Yang Zhengtao, Zhou Ershun, Wei Dong, Li Depeng, Wei Zhengkai, Zhang Wen, Zhang Xichen
College of Veterinary Medicine, Jilin University, Changchun 130062, Jilin Province, PR China.
College of Veterinary Medicine, Jilin University, Changchun 130062, Jilin Province, PR China.
Int Immunopharmacol. 2014 Aug;21(2):354-60. doi: 10.1016/j.intimp.2014.05.019. Epub 2014 May 27.
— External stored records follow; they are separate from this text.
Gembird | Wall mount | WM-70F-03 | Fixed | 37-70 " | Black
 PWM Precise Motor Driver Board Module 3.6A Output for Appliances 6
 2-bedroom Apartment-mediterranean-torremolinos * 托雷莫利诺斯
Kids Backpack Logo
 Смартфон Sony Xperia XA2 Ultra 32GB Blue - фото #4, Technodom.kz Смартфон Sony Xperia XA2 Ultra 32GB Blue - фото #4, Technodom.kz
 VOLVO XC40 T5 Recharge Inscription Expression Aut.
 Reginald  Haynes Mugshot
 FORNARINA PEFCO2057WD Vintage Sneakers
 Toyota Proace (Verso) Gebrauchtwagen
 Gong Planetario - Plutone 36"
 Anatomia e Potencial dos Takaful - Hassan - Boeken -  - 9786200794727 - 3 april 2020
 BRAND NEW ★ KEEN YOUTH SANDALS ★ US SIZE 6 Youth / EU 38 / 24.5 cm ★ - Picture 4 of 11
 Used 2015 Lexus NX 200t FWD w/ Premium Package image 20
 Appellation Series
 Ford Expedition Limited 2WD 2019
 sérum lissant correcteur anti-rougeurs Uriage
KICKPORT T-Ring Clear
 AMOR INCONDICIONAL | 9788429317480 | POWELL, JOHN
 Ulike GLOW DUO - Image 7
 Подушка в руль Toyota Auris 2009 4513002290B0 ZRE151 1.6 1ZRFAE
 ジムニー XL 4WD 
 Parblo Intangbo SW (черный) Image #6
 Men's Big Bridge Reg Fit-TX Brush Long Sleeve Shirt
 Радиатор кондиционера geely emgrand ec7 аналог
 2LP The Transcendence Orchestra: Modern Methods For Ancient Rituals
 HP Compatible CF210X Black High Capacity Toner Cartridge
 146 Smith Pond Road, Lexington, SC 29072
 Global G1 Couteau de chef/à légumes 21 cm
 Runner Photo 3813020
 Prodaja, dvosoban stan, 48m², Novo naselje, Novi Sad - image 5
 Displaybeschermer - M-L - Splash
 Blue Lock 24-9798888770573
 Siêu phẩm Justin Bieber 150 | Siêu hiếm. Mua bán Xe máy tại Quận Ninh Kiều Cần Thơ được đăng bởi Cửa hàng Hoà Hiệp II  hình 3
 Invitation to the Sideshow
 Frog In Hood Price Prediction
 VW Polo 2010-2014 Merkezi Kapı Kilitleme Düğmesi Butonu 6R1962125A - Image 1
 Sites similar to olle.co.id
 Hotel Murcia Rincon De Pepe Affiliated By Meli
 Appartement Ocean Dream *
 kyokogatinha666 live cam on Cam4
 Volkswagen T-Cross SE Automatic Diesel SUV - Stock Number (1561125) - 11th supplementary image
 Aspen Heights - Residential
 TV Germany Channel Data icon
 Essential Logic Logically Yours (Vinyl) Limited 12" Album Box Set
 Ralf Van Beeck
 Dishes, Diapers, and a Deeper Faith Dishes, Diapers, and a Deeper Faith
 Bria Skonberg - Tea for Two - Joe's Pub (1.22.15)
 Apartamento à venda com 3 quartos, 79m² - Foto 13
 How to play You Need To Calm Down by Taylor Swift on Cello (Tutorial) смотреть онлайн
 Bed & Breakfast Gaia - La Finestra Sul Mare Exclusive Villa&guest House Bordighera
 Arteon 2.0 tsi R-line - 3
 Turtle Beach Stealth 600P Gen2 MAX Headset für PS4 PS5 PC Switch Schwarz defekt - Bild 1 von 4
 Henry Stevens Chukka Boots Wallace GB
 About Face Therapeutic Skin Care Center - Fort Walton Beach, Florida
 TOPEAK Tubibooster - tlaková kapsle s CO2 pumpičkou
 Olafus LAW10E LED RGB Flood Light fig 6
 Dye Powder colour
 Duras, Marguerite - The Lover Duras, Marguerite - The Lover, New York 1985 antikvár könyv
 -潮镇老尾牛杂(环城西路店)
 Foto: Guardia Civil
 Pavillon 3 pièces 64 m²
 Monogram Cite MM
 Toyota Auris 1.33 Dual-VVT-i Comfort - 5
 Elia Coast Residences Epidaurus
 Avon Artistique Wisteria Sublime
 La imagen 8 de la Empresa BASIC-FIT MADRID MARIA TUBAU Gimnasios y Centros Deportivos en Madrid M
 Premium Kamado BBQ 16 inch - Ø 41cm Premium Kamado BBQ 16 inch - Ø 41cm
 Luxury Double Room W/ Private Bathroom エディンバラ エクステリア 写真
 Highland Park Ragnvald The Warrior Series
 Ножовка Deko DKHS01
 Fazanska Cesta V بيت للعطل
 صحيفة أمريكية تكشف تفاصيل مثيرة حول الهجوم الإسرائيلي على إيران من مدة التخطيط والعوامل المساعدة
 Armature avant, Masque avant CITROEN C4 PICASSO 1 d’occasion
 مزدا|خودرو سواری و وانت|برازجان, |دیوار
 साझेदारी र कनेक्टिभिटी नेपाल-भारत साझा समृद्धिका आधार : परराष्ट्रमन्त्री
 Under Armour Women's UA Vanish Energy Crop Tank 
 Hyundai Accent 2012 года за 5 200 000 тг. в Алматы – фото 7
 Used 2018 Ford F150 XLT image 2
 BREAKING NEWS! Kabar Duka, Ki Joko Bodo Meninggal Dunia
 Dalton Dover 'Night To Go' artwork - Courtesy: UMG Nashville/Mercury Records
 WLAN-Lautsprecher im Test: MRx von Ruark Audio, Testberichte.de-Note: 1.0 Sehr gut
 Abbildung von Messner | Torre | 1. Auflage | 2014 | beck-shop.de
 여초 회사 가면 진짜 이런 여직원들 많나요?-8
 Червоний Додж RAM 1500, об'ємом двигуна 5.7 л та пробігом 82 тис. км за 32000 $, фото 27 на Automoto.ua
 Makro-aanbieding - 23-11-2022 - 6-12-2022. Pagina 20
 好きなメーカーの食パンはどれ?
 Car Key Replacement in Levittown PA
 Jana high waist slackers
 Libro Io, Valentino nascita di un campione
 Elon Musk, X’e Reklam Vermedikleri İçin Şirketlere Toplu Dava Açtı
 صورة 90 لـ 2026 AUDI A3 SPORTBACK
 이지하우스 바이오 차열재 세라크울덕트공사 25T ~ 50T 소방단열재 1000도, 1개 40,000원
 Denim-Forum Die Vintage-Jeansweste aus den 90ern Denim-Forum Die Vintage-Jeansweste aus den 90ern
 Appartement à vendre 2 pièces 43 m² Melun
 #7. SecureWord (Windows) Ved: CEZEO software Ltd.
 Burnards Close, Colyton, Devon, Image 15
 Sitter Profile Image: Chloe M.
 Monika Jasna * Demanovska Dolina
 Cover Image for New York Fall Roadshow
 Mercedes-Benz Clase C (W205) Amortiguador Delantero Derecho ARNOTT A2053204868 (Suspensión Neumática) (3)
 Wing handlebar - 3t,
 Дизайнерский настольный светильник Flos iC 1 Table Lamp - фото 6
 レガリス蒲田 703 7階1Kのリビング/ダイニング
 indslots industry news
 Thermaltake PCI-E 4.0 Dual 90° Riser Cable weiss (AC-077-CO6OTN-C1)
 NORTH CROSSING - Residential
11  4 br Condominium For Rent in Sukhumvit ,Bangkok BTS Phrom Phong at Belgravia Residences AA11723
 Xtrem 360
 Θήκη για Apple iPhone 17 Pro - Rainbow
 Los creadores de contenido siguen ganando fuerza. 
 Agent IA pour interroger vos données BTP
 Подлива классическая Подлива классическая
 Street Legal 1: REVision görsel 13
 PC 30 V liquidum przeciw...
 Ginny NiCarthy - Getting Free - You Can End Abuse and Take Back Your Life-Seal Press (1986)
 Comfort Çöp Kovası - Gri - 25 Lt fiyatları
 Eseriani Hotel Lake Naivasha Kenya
Emodin, an anthraquinone derivative isolated from the rhizomes of Rheum palmatum, has been reported to have a protective effect against lipopolysaccharide (LPS)-induced mastitis. However, the underlying molecular mechanisms are not well understood. The aim of this study was to investigate the molecular mechanisms of emodin in modifying lipopolysaccharide (LPS)-induced signaling pathways in mouse mammary epithelial cells (MEC). The pro-inflammatory cytokines were determined by ELISA. Nuclear factor-κB (NF-κB), inhibitory kappa B (IκBα) protein, p38, extracellular signal-regulated kinase (ERK), c-Jun N-terminal kinase (JNK) and PPAR-γ were determined by Western blotting. The results showed that emodin suppressed tumor necrosis factor-alpha (TNF-α), interleukin-6 (IL-6), iNOS and COX-2 expression. We also found that emodin inhibited LPS-induced NF-κB activation, IκBα degradation, phosphorylation of ERK, JNK and P38. Furthermore, emodin could activate PPAR-γ and the anti-inflammatory effects of emodin can be reversed by GW9662, a specific antagonist for PPAR-γ. In conclusion, our results demonstrate that emodin activates PPAR-γ, thereby attenuating LPS-induced inflammatory response.
大黄素是从掌叶大黄根茎中分离出的一种蒽醌衍生物,据报道其对脂多糖(LPS)诱导的乳腺炎具有保护作用。然而,其潜在的分子机制尚不清楚。本研究旨在探讨大黄素对小鼠乳腺上皮细胞(MEC)中脂多糖(LPS)诱导的信号通路进行调节的分子机制。通过酶联免疫吸附测定法(ELISA)测定促炎细胞因子。通过蛋白质免疫印迹法测定核因子-κB(NF-κB)、抑制性κB(IκBα)蛋白、p38、细胞外信号调节激酶(ERK)、c-Jun氨基末端激酶(JNK)和过氧化物酶体增殖物激活受体-γ(PPAR-γ)。结果表明,大黄素可抑制肿瘤坏死因子-α(TNF-α)、白细胞介素-6(IL-6)、诱导型一氧化氮合酶(iNOS)和环氧化酶-2(COX-2)的表达。我们还发现,大黄素可抑制LPS诱导的NF-κB激活、IκBα降解、ERK、JNK和P38的磷酸化。此外,大黄素可激活PPAR-γ,且大黄素的抗炎作用可被PPAR-γ特异性拮抗剂GW9,662逆转。总之,我们的结果表明,大黄素激活PPAR-γ,从而减轻LPS诱导的炎症反应。